The kids are coming up from behind.
I'm losing my edge.
I'm losing my edge to the kids from Cuba and from Spokane.
But I was there.

I was there in 1976.
I was there at the first Feelies show in Haledon.
I'm losing my edge.
I'm losing my edge to the kids whose footsteps I hear when they get on the decks.
I'm losing my edge to the internet seekers who can tell me every member of every good group from 1964 to 1976.
I'm losing my edge.

To all the kids in London and New York.
I'm losing my edge to the art-school Glasgow kids in little jackets and borrowed nostalgia for the unremembered nineties.

I'm losing my edge.
I'm losing my edge.
I can hear the footsteps every night on the decks.
But I was there.

I was there in 1976 at the first Feelies practice in a loft in Haledon.
I was working on the oboe sounds with much patience.
I was there when Nile Rodgers started up his first band.
I told him, "Don't do it that way. You'll never make a dime."
I was there.
I was the first guy playing Buzzcocks to the disco kids.
I played it at the Hacienda.
Everybody thought I was crazy.
We all know.
I was there.
I was there.
I've never been wrong.

But I'm losing my edge to better-looking people with better ideas and more talent.
And they're actually really, really nice.

I'm losing my edge.

I heard you have a compilation of every good song ever done by anybody.
Every great song by The Victims. All the underground hits.

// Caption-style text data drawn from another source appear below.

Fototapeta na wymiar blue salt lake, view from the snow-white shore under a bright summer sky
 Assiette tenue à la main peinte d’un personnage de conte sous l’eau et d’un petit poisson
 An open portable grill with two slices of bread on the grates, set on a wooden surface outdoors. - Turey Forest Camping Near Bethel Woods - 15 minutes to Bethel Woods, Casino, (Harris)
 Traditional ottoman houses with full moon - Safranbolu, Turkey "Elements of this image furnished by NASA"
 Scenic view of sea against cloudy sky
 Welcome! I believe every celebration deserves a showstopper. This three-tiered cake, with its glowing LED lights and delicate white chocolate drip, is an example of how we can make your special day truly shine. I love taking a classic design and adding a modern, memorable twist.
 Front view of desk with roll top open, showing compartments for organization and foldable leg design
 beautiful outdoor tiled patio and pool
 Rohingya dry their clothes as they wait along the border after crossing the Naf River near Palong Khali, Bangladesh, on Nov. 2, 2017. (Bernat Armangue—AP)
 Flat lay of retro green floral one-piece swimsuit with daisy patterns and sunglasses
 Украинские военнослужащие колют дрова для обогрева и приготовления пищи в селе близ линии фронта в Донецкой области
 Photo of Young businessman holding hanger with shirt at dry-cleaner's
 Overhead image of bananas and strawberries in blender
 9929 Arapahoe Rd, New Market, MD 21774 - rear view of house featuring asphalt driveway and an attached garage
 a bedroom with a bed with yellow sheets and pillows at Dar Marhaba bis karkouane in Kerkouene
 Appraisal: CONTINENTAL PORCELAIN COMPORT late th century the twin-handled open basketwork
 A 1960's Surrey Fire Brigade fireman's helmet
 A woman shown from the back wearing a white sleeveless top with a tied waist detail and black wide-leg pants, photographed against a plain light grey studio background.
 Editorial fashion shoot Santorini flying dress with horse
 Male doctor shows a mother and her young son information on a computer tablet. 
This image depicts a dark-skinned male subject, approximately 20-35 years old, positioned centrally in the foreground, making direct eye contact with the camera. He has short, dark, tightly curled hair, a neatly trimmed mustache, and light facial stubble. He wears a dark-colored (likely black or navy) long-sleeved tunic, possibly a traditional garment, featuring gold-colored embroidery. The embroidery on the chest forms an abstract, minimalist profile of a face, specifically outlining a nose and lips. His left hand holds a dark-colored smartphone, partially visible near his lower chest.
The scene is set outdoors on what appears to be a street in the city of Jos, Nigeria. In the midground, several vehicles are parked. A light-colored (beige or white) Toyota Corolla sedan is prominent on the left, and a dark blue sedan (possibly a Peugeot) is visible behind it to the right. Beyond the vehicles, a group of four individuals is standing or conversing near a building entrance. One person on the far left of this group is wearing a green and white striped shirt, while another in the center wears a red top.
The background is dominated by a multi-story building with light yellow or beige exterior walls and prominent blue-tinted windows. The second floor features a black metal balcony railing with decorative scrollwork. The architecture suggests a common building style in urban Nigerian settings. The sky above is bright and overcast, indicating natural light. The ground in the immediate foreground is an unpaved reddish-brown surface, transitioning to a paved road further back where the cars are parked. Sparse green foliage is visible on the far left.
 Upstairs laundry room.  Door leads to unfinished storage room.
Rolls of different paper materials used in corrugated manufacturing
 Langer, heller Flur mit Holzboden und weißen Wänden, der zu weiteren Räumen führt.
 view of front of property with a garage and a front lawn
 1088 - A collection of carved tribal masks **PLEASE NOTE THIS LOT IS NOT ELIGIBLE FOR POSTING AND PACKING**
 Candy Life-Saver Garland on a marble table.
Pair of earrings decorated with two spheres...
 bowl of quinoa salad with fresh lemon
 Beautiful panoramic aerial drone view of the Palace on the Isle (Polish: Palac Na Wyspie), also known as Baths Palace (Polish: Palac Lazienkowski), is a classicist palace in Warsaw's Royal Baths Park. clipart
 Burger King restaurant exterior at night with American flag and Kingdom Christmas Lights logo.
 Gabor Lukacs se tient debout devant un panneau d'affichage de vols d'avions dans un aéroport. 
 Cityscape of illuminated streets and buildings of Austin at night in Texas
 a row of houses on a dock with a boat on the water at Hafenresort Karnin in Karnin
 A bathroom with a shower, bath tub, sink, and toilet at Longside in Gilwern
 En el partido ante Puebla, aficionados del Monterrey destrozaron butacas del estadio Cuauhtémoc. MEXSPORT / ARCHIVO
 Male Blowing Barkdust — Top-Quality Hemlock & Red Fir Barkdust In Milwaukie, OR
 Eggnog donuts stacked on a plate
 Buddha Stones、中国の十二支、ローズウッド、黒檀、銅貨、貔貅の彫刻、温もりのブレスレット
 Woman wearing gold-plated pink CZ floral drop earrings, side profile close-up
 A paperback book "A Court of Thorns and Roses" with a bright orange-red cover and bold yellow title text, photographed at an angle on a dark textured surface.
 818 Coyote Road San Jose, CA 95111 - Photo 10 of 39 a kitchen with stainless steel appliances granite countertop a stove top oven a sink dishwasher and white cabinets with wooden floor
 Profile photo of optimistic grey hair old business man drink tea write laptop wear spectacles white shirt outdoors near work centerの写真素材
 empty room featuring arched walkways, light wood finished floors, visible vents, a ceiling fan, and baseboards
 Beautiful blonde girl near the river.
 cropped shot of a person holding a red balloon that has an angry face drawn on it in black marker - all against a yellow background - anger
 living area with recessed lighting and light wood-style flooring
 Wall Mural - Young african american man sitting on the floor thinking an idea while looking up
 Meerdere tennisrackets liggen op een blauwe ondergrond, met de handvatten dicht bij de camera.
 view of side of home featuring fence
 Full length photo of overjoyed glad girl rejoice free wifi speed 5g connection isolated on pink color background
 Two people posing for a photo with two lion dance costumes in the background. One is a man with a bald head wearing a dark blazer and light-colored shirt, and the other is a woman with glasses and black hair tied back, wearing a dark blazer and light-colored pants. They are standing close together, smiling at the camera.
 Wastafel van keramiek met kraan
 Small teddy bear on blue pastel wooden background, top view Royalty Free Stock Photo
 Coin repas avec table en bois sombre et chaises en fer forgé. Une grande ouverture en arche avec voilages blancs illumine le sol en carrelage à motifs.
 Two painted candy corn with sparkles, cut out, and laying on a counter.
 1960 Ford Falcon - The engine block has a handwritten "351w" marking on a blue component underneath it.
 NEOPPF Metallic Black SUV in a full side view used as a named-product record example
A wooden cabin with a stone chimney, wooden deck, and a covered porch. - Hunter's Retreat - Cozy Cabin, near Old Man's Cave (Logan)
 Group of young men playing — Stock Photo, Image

All The Standells tracks. I heard you have a vinyl of every Kerri Chandler record on German import.

I heard that you have a white label of every seminal disco hit - 1985, '86, '87.
I heard that you have a CD compilation of every good '80s cut and another box set from the '90s.

I hear you're buying a chamberlin and a rhodes and are throwing your macbook out the window because you want to make something real. You want to make a the Bar-Kays record.

I hear that you and your band have sold your marimba and bought a theremin.
I hear that you and your band have sold your theremin and bought a marimba.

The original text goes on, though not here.